The former F.F.S. President and Chief Executive Officer, Reverend Laupama Solomona and Faumuina Michael Kapisi, were jointly charged with one count of theft as a servant and one count of theft by a person in a special relationship.
The two former football executives were charged by the Police in May last year which then referred the matter to the Attorney General’s Office. They exited their F.F.S. positions in early 2019, at least three to four months prior to them being charged.
But on Monday the Prosecutor and Attorney General’s Office lawyer, Lucy Sio Ofoia, sought leave from the court for all charges to be withdrawn. The court granted leave and the two men walked free.
No reasons were given by the Prosecutor and Attorney General’s Office for their decision to withdraw the charges, some 15 months after the two former F.F.S. executives were initially taken in for questioning by the Police.

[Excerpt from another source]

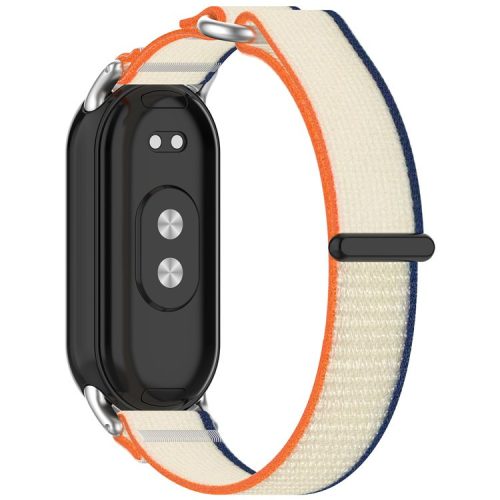 For Xiaomi Mi Band 9 NFC / Mi Band 9 / Smart Band 8 NFC / Smart Band 8 Watch Strap Breathable Nylon Sport Strap - Orange+Beige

Did the Attorney General’s Office have insufficient evidence that compelled them to seek the leave of the court for the charges to be withdrawn? And if there was insufficient evidence how did the matter progress from a Police investigation to a court hearing only for the charges to be withdrawn on the cusp of trial?
We say this while being cognisant of the important role of the Attorney General’s Office in Samoa, through its upholding of the Constitution and being the custodian of all criminal proceedings in the land.

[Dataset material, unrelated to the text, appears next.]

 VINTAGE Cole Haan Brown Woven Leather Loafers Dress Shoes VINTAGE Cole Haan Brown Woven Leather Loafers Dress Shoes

Though, we are reminded of cases in recent years, where evidence from Police investigations failed to hold up in court and consequently exposing the State to litigation by plaintiffs for malicious prosecution seeking damages.

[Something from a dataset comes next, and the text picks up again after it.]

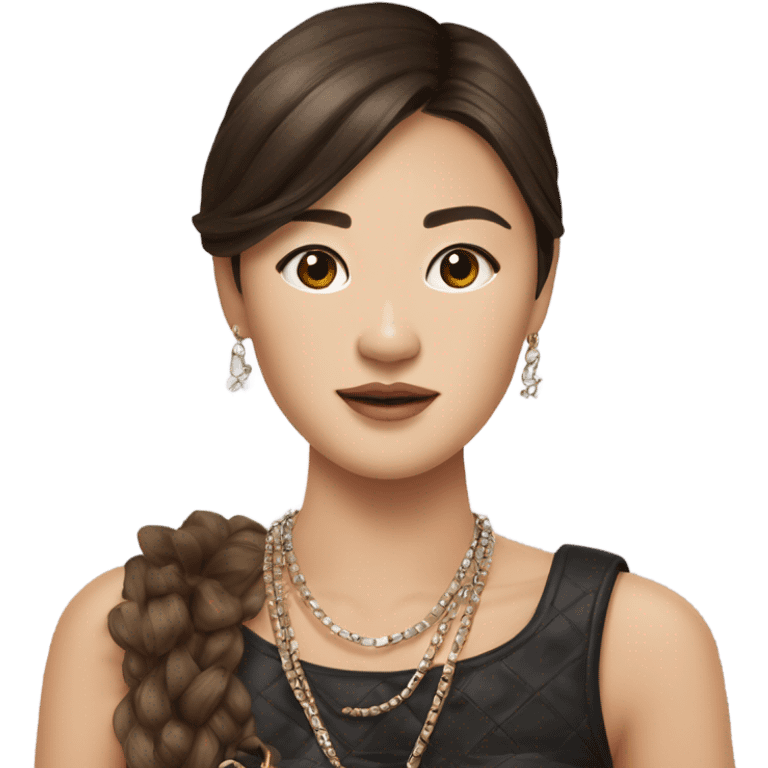 Realistic brown hair Chanel Asian Girl with Birkin bag and Chanel necklace emoji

A $1 million tala lawsuit against the Ministry of Police in 2018 by complainant Suitupe Misa is a case in point. He sued the Police for his unlawful arrest and detention in 2015 in relation to an incident at the Fugalei market, and three years later agreed to an out-of-court settlement with the Government where he was paid an undisclosed amount of money as compensation for his treatment.
And what about the case of the Vietnamese national An Tran Thi who was charged with two counts of being in possession of narcotics [heroine and racemethorphan] and one count of importation of narcotics last year? The narcotics charges were later dropped by the Attorney General’s Office, though two bribery charges were maintained of which she was later found guilty and sentenced by the court.
Nevertheless was the evidence submitted by the Police in relation to the three narcotics charges inconclusive and could not hold up in court at that time hence the withdrawal of the charges by the Attorney General’s Office?
Again, just like the matter involving the two former F.F.S. executives, the Attorney General’s Office did not give a reason for withdrawing the three narcotics charges that were made against the Vietnamese national.
Even the recent Supreme Court proceedings involving now resigned Member of Parliament La’aulialemalietoa Leuatea Polataivao and Associate Minister Peseta Vaifou Tevaga – where 44 charges in relation to the operations of a disputed nonu company were withdrawn by the Attorney General’s Office in July last year – only for La’auli to be cleared of wrongdoing by the court last month in a landmark decision also raises eyebrows and could potentially make the State vulnerable to lawsuits.
There are other cases that go back some five years that are in the same mould, and raise questions about the integrity of the investigations undertaken by the Police and the process involved.
The key question is what are the preliminary steps of a criminal investigation and at what stage does the Attorney General’s Office become involved to ensure the cases are watertight and the evidence submitted will stand in court?
The recent appointment of Samoa’s new Attorney General in Savalenoa Mareva Betham-Annandale, perhaps, provides a perfect opportunity for the Office to review its systems and processes including cases that were discontinued due to shortcomings in evidence disclosure on the part of the Police.
The Police wield a lot of power under the relevant legislation [2007 Police Powers Act] and should enforce and uphold the law in accordance with the Constitution and relevant laws including human rights.
To go astray beyond the confines of the law can change people’s lives and leave irreparable damage on their reputation and professional career. And sadly, there have been instances of lapse in judgement in Samoa on the part of the Police, such as the reliance on flawed evidence which has led to unlawful arrests and detention over the years.
The public should continue to be alert against such abuse and injustices, but above all, they also expect the Attorney General’s Office to play that role too as one of the custodians of our Constitution.